A while ago, me and Mattrizzle from dkc-atlas figured out how the DMA code from the DKC series worked, and I found out that the animated sprites didn't have any pixel-level compression. The only space saving technique was carefully placed 8x8 and 16x16 sprites, which also saved on vram space and DMA bandwidth.
It makes me wonder if the DKC games were able to fit so many frames without compressing the tile patterns that make up the objects, was compressed graphics really that widely use, and were they really necessary for most games? I think most people were lazy about metasprites, and just used big rectangular metasprites like 32x32 or 32x64.
Two words: Lunar Compress.
Super Mario World graphics are compressed. Contra (U) graphics are compressed. Levels are pretty much always compressed, be it through object-based maps (Super Mario series) or meta-metatiles (Mega Man series, Blaster Master, Sonic series). Perhaps compression was more common before 32 Mbit carts became expected. Some Super NES coprocessors, in fact, exist for the sole purpose of compression (SDD1 and SPC7110).
By careful 8x8 placement, do you mean something like
this example?
Why does SFA2 have such long load times? Why have a compression chip if you're not going to use it in real time?
I haven't reverse engineered the game so I don't know but I suspect the long loading times are for the voice samples that are transfered to the SPC700, and have nothing to do with the graphics compression chip.
Is this SNES specific? I imagine that NES games are limited in the kinds of compression they use because of the little amount of RAM (when they didn't have extra RAM in the cart). A lot of them didn't even need graphics compression because they use CHR-ROM.
But no matter the console, storage space always becomes cheaper later in its life, and effects that need tons of uncompressed data in order to be performed in realtime start to become tempting to developers.
I used a form of compression in the FF2e/FF2j intro replacement for Neo Demiforce (for the graphics) -- I had to, because the amount of free space in FF2j was extremely limited.
So in other words, compression was widely used, but the difference was subtle, because tighter compression would've been a strain on the hardware.

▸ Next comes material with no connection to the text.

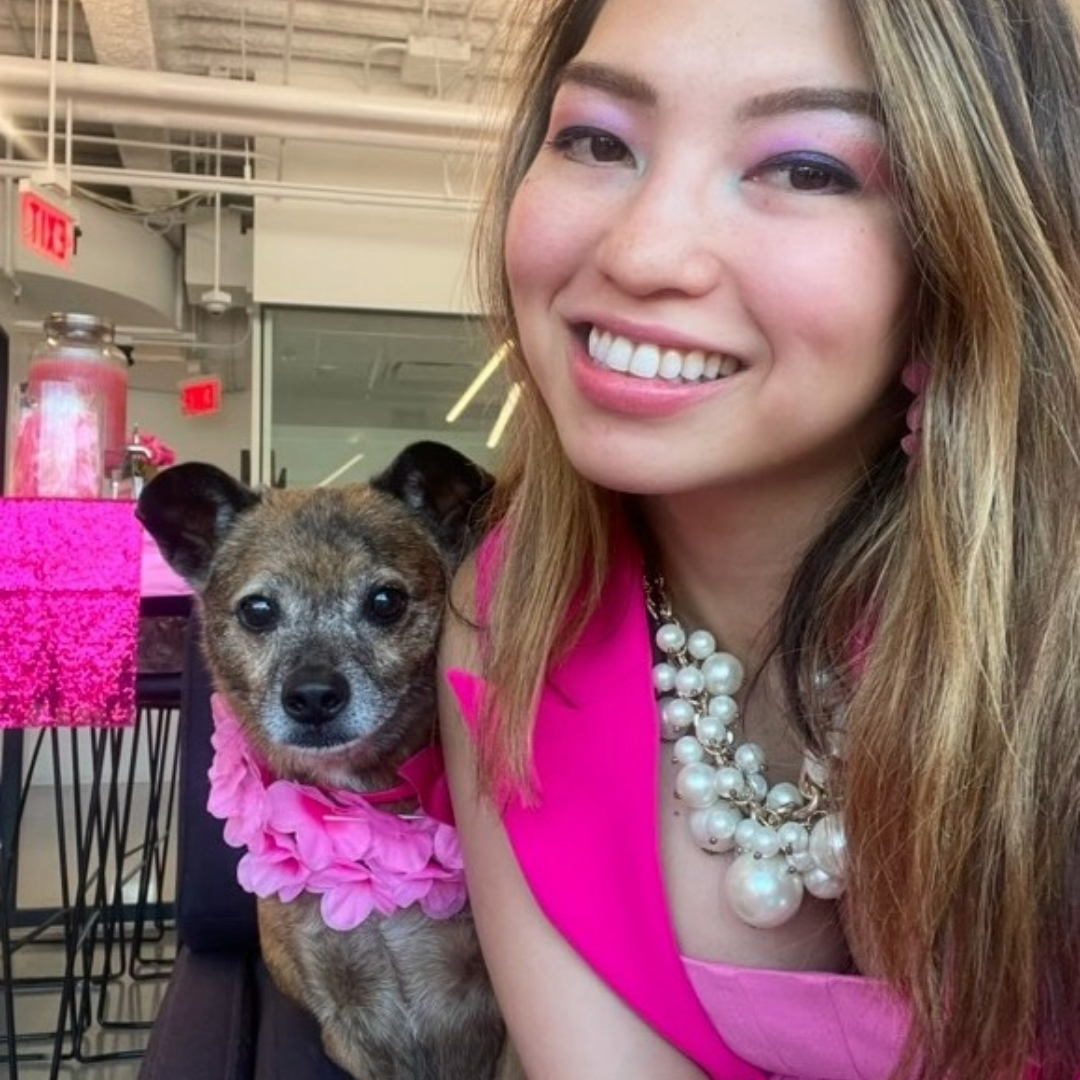 Sarah and Duke wearing matching pink accessories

I wonder if it is possible, with more elaborate compression schemes, to fit Dark Stalkers arcade game onto a 32meg cartridge, because the sprites in that game look like they can be compressed to death. There are plenty of places where the same color is repeated 50 pixels in a row.
Yes, that game appears to be
flat shaded.
Decrypt the Darkstalkers ROMs and zip up the decrypted ROMs to get an estimate of what compression can do. There are stronger codecs than DEFLATE used in Zip, and there are faster ones, but it should give you an idea.